Exploring Freedom In Spider-Man 2

by Kyle Hilliard on Jul 04, 2014 at 02:00 PM

Today we’re taking a look at games that offer a sense of freedom. The first open-world game I played was Grand Theft Auto III. As impressed as I was by my ability to go anywhere, it had the same restrictions to exploration as a non-virtual human would have in a real city. I could go anywhere, but I was still restricted to the ground. I could move faster horizontally by getting in a car, but vertical traversal was still out of my reach. Spider-Man 2’s city may have felt less alive and had fewer avenues of entertainment than Grand Theft Auto III, but it was the first game I felt like I was playing in a true virtual playground with a whole new set of rules for traversal.

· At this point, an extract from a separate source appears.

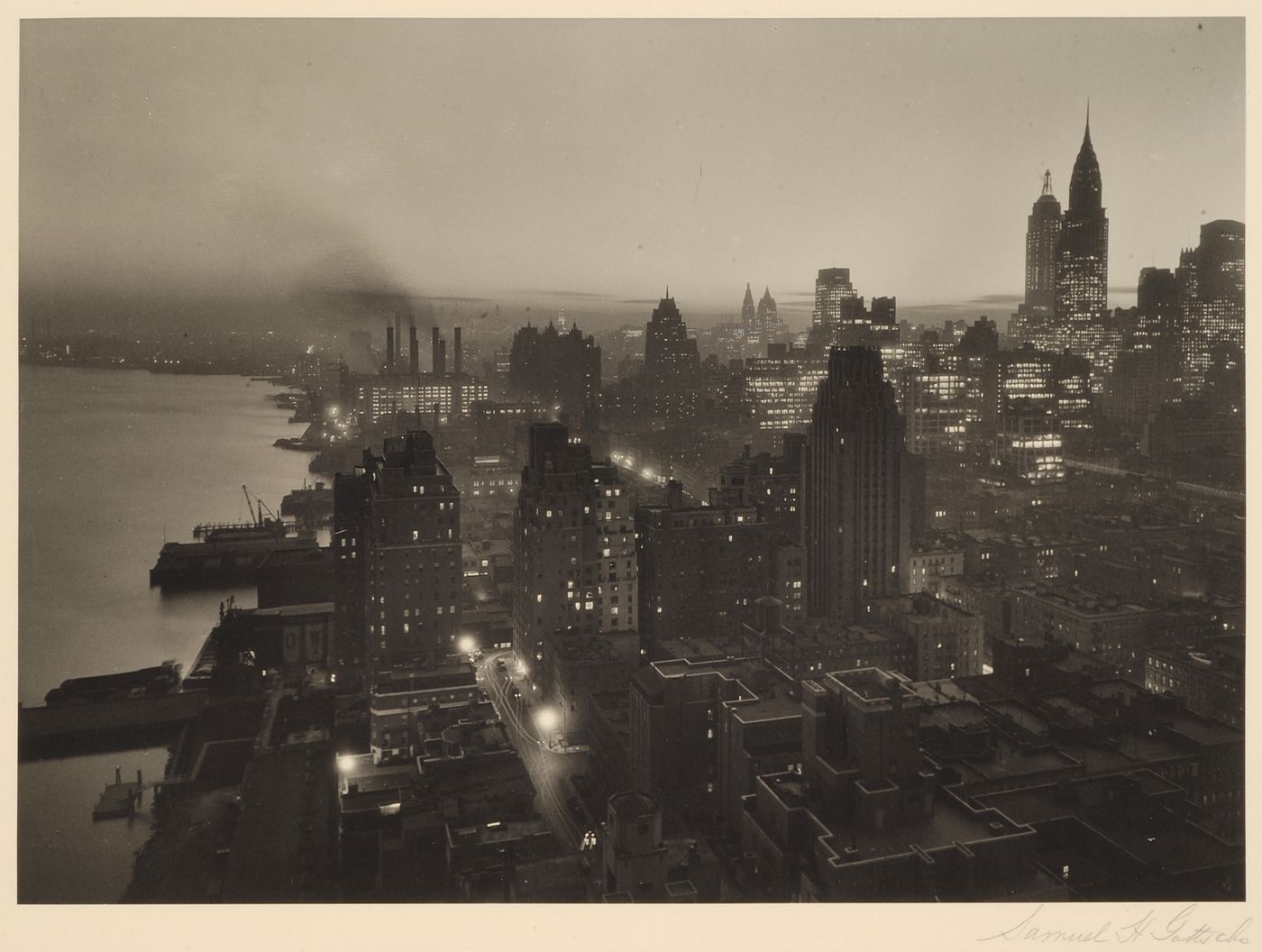 Looking South West at night, aerial view, New York City, New York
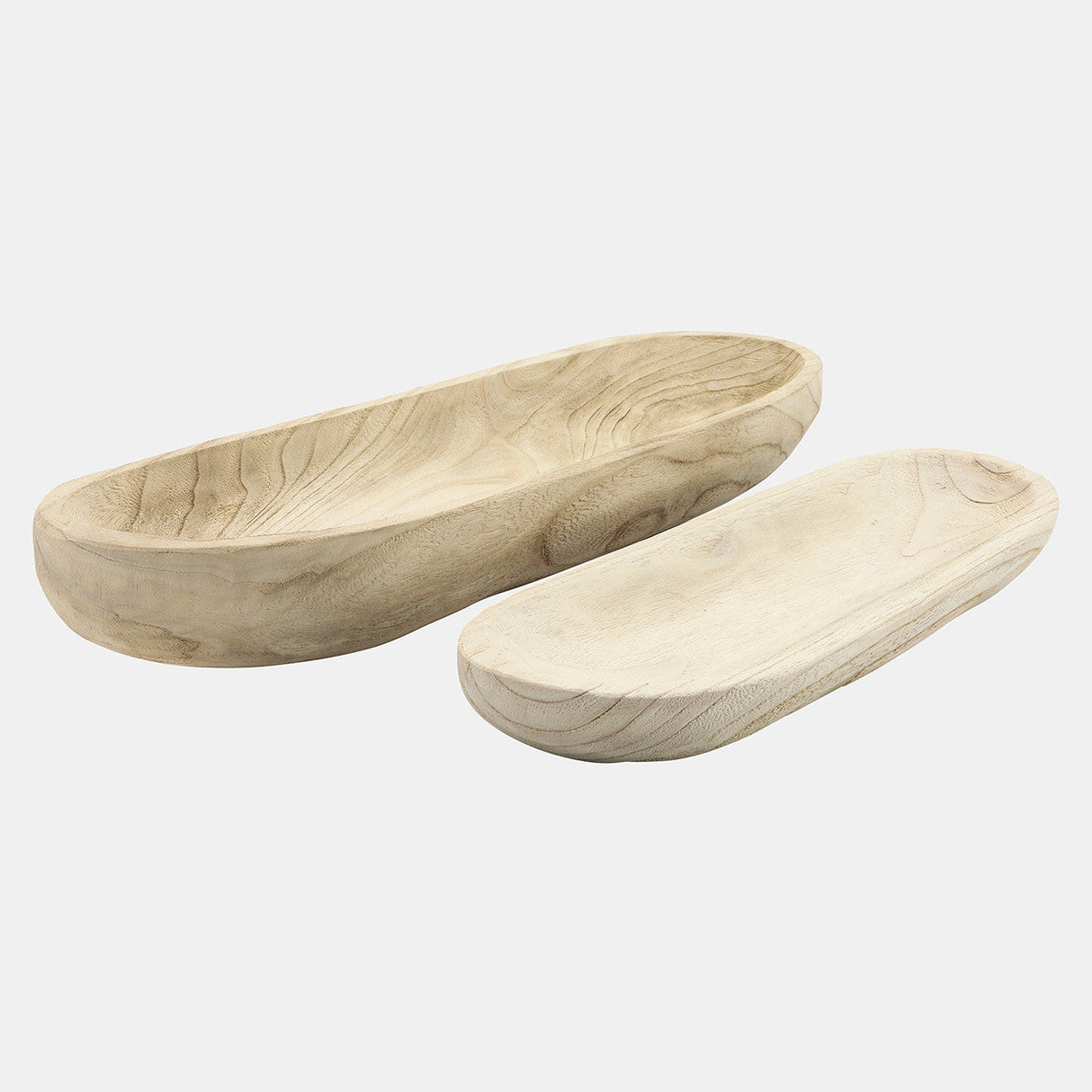 S/2 18/24" Wood Decor Plates, Natural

I’m not even a particularly big Spider-Man fan. I enjoyed the films, but was probably one of the few in the audience who was more interested in seeing the new movie from the director of The Evil Dead than I was about seeing a Spider-Man movie. I didn’t fall in love with the game because I finally got to be Spider-Man; I fell in love because I could climb to the top of a building, dive from the top, and fire off a web at the last second to miss the ground and fling myself off into the distance.

I could go anywhere. I could sprint on the ground. I could climb up the walls of buildings. I could sprint up the walls of buildings. I could leap from absurd heights. The only reason I even paid attention to the campaign was because it offered leveling experience to make me move faster, jump higher, and swing further.

When the game released, my friends and I would swap the controller and spend time swinging around the city. We weren’t exploring, trying to find hidden secrets, or saving that elusive balloon. We were just reveling in the fact that getting from point A to point B was a blast and we could use an impressive variety of techniques to get there. My favorite thing to do was to climb to the highest tower in virtual Manhattan and just fall to the ground. I knew exactly where that tower was located, and it was the first thing I would show to anyone who exhibited even a passing interest in the game.

Follow-up Spider-Man games have failed to capture my attention the way Spider-Man 2 did. Partially, because the follow-up games seem to focus more on combat as opposed to traversal, but it might also be because I simply got my fill while playing Spider-Man 2. I played the game for many hours beyond the main campaign, embracing the freedom it offered. I have fallen in love with many other games that give you freedom of traversal and the ability to fall from high heights, but none have grabbed me quite the same way as Spider-Man 2.